Joan Rabascall
born in Barcelona, Spain in 1935, lives in Paris, France

Hommaga to the Black Power, 1969/70
object
MoCA Skopje
Joan Rabascall is a conceptual artist focused on the critical examination of mass media and the consumerist culture they promote. He was born in Barcelona and moved to Paris in 1962. Joan Rabascall’s artworks often combine found photography with images from magazines, television, and advertisements to achieve ironic shifts in meaning and offer social criticism and political commentary.

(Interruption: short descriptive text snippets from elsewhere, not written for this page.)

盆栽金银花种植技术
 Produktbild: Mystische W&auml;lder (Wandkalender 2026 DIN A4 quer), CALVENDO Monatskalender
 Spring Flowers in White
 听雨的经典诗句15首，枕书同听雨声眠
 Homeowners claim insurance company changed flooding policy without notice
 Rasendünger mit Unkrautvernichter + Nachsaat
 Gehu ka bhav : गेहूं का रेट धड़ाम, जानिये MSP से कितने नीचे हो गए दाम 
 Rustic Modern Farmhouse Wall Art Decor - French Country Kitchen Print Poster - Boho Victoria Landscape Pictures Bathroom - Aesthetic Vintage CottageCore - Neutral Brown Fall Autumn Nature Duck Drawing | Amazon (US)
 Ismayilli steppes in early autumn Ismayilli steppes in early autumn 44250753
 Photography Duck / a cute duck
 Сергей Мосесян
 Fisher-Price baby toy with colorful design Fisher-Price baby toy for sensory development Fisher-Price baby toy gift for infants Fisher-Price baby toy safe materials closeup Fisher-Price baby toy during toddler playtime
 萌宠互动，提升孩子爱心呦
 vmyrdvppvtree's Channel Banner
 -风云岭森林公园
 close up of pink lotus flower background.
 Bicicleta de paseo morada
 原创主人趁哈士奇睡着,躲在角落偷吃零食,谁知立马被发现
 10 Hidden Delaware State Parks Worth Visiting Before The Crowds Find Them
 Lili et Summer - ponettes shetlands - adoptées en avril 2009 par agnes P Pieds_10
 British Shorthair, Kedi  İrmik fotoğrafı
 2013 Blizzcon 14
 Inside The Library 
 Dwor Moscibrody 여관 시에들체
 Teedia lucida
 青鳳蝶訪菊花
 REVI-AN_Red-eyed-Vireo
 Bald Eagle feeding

Along with fellow artists Antoni Miralda, Dorothee Selz and Jaume Xifra, Joan Rabascall worked in a collective inspired by the countercultural movements of the mid-twentieth century. Between 1969 and 1976, the group created a series of participatory performances and events. “Homage to Black Power” is a sculpture that represents the enormous, flattened form of a raised black fist holding delicate red flowers. As an anti-fascist white European artist, exiled to Paris from Franco’s Spain, Joan Rabascall expressed solidarity with the civil rights movement in the US. Today, one might legitimately question the appropriation of this symbol by a white artist, but we include it here as an image of another social and political moment in a specific time period. The first version of this work was installed in the gardens of the American Center in Paris in 1969.
The work was donated to the MoCA Skopje in 1970/1971.